Testing

This project uses pytest for automated testing. Tests are located in the tests/ directory at the repository root.

Running tests

Install test dependencies and run the full test suite:

pip install -e ".[dev]"
pytest

To run tests from a specific file:

pytest tests/test_schema.py
pytest tests/test_readers.py
pytest tests/test_writers.py
pytest tests/test_transform_parameters.py

To run a single test class or method:

pytest tests/test_schema.py::TestSchemaFile::test_schema_has_expected_classes

Use -v for verbose output or -x to stop on the first failure:

pytest -v -x

Test categories

Schema validation (test_schema.py)

Verifies that the LinkML schema at model/cesm.yaml is well-formed:

  • Schema file exists and is valid YAML

  • Required LinkML fields (id, name, classes) are present

  • Expected entity classes exist (Dataset, Balance, Unit, Storage, Link, Commodity)

  • Enums are defined

  • Dataset class has a timeline attribute

  • Schema loads with LinkML SchemaView (skipped if LinkML has compatibility issues)

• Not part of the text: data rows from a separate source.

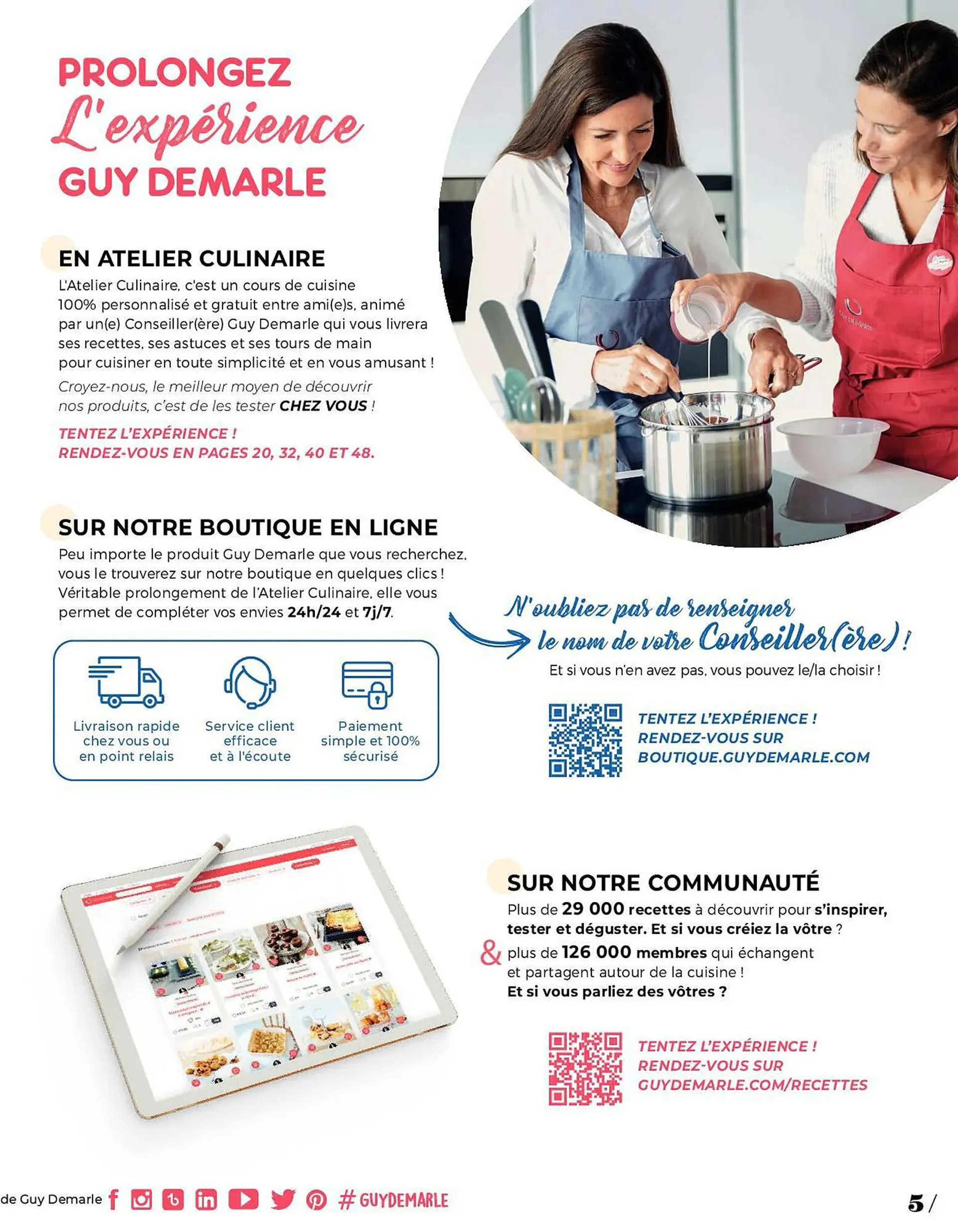 Catalogue Guy Demarle du 18 octobre au 31 janvier 2024 - Catalogue page 5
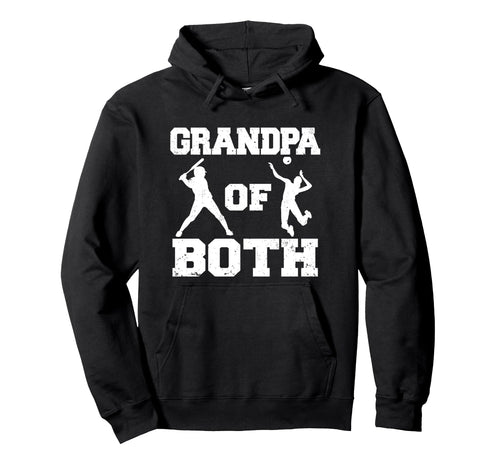 Grandpa Both Funny Baseball Volleyball Hoodie - Minimalist Print Unisex - T-Shirt, Sweatshirt, Hoodie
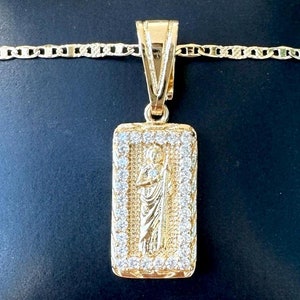 Saint Jude Religious Necklace: Gold Plated & Gold Filled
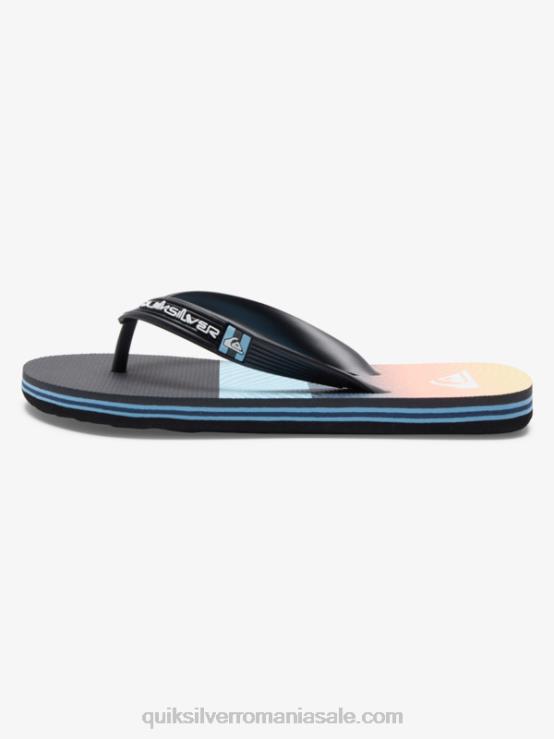 negru/portocaliu/gri 8-16 șlapi cu panou molokai XT6B2206 băieți Quiksilver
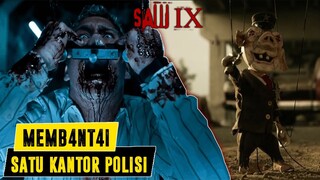 PENERUS PSIK0PET JIGSAW GAK KALAH CERDAS - SEMUA POLISI KOTOR HABIS | ALUR FILM SAW 9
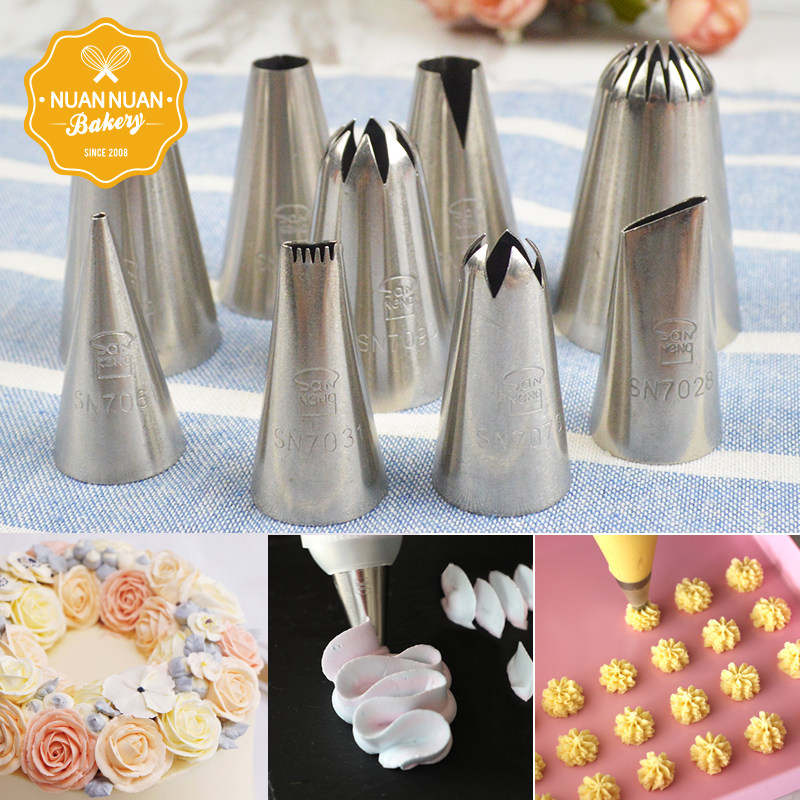 Sanneng framed flower mouth sn7093 Jenny cookies Puffs Rose leaves flower basket Santa Ana dissolved bean meringue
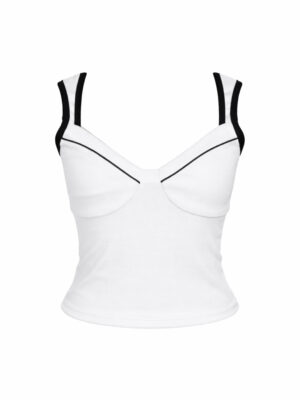 Janeke Luxueuse White Sleeveless Top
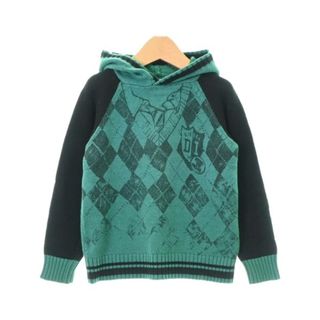 DIESEL KIDS ディーゼルキッズ ニット 100 緑x黒 【古着】【中古】(ニット)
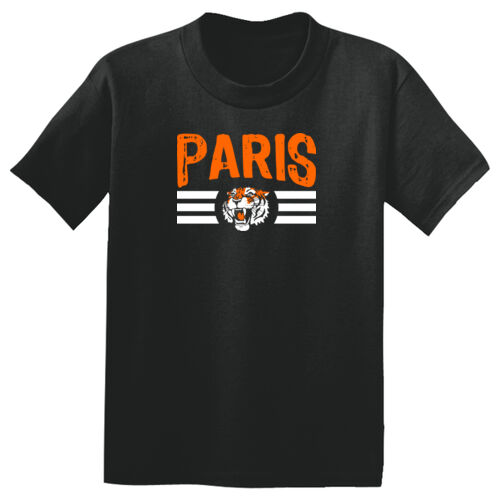 Paris Tigers Design PT8 on a Sport-Tek® - Youth PosiCharge ® Competitor Tee Thumbnail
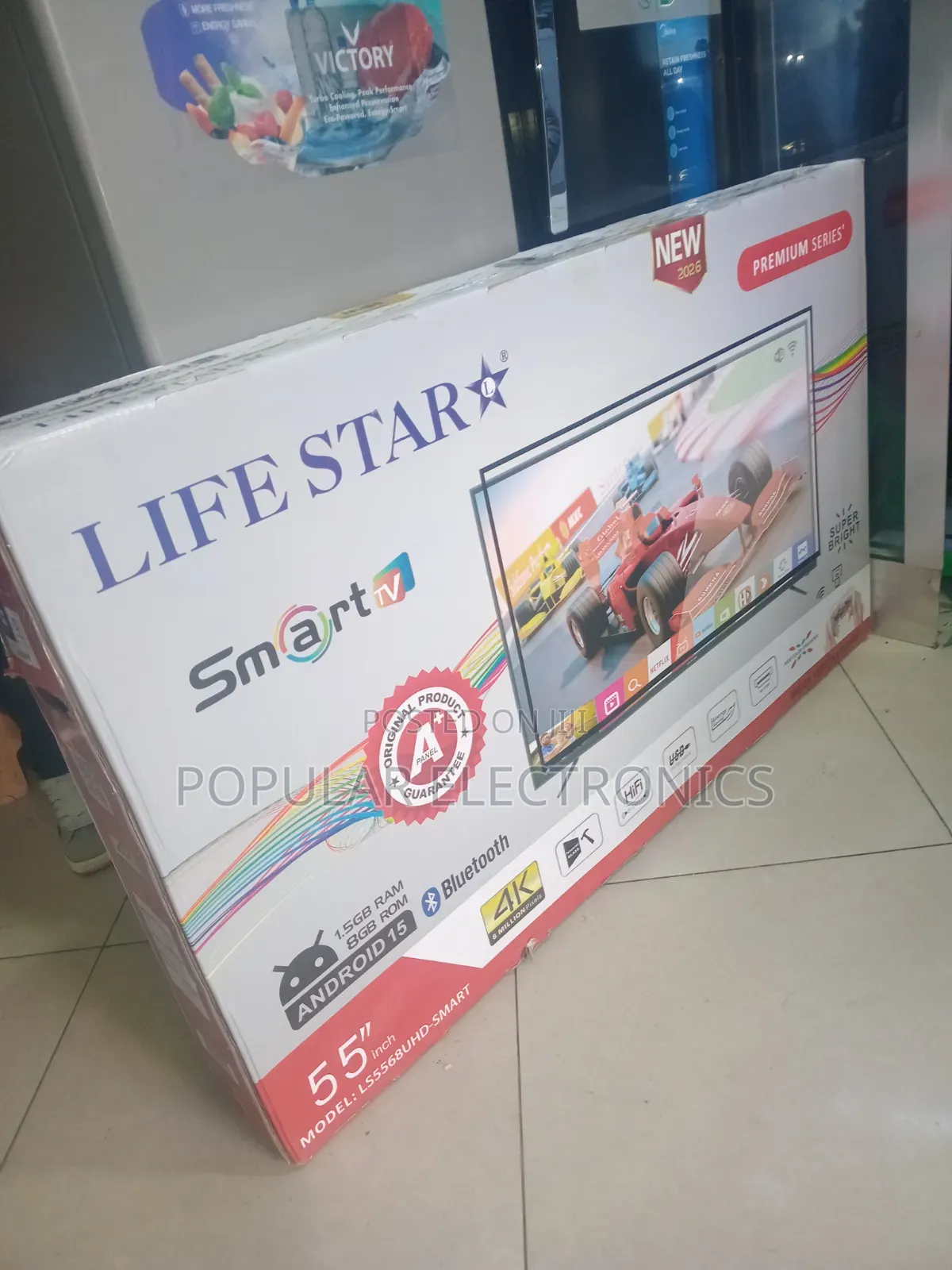 Life Star TV 55inchi Smart Android TV New 20 26 Model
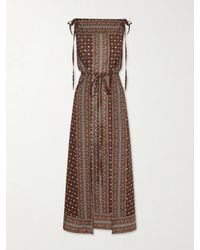 Doen - Amarante Belted Printed Organic Cotton-Voile Midi Dress - Lyst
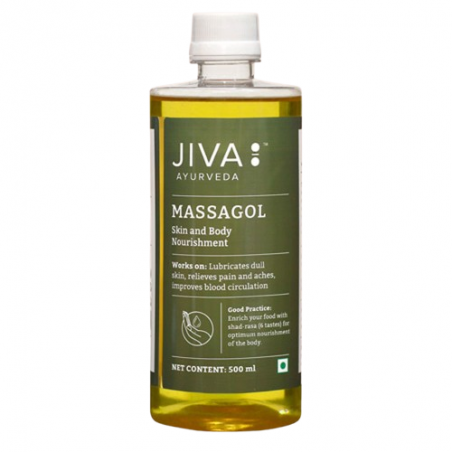 Ayurvedic body massage oil, Jiva Ayurveda, 500ml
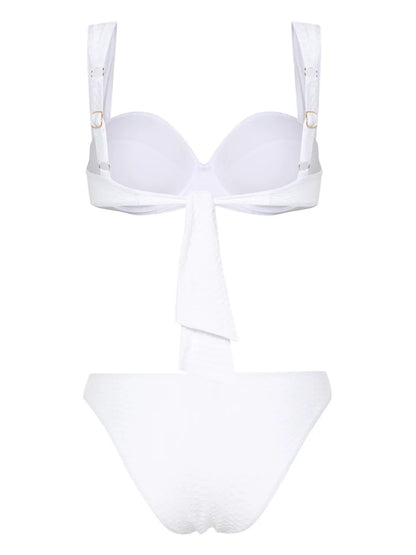 Nikki Snakeskin-Effect Bikini Set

Reader tests (test_readers.py)

Tests for loading CESM data from various formats:

  • YAML sample file existence and structure

  • Top-level keys, entity names, timeline format

  • Time series array length matches timeline length

  • LinkML YAML-to-DataFrame conversion (skipped if SchemaView is unavailable)

  • DuckDB reader error handling (nonexistent files, missing metadata)

Writer tests (test_writers.py)

Tests for the DuckDB writer, focused on round-trip fidelity:

  • Single-index, datetime-index, and MultiIndex DataFrames survive write/read

  • MultiIndex columns are encoded and decoded correctly

  • Multiple DataFrames can be written and read together

  • Overwrite vs. append modes work as expected

  • Empty DataFrames are handled

  • Selective table reading returns only requested tables

  • Helper functions (_get_index_info, _get_columns_info, _encode_multiindex_column, _flatten_dataframe) are unit-tested

Transformer tests (test_transform_parameters.py)

Tests for the parameter transformation engine in src/core/transform_parameters.py:

  • list_of_lists_to_index / index_to_names conversion and round-trip

  • parse_spec handles string, dict, list, and nested spec formats

  • get_operation_type classifies operations as copy_entities, create_parameter, transform_parameter, or unknown

  • is_timeseries detection based on index names

  • _filter_entities_by_parameters with if_parameter and if_not_parameter filters

  • load_config reads YAML configuration files

  • Integration tests for transform_data with minimal copy and create-parameter configs

Test data

Tests use sample data from two sources:

data/samples/cesm-sample.yaml

The primary sample CESM dataset used by reader tests and as reference data.

tests/conftest.py fixtures

Shared pytest fixtures that create in-memory DataFrames for writer and transformer tests. These include entity_df, timeseries_df, multiindex_entity_df, multiindex_column_df, and sample_dataframes.

Temporary DuckDB files are created via the tmp_duckdb_path fixture using pytest’s tmp_path.

Adding new tests

Follow the existing patterns:

  1. Place test files in the tests/ directory, named test_<module>.py.

  2. Use test classes to group related tests (e.g., TestSchemaFile, TestDuckdbRoundTrip).

  3. Use fixtures from conftest.py for shared data. Add new fixtures there if they will be reused.

  4. For tests that depend on optional packages (LinkML, spinedb_api), use pytest.skip() when the import fails.

  5. For tests that need temporary files, use pytest’s built-in tmp_path fixture.

Skipped tests

Some tests are expected to be skipped depending on your environment:

  • TestSchemaViewLoading and TestLinkmlYamlReader tests skip if linkml_runtime is not installed or has compatibility issues with the current schema.

  • This is normal and does not indicate a problem with the codebase.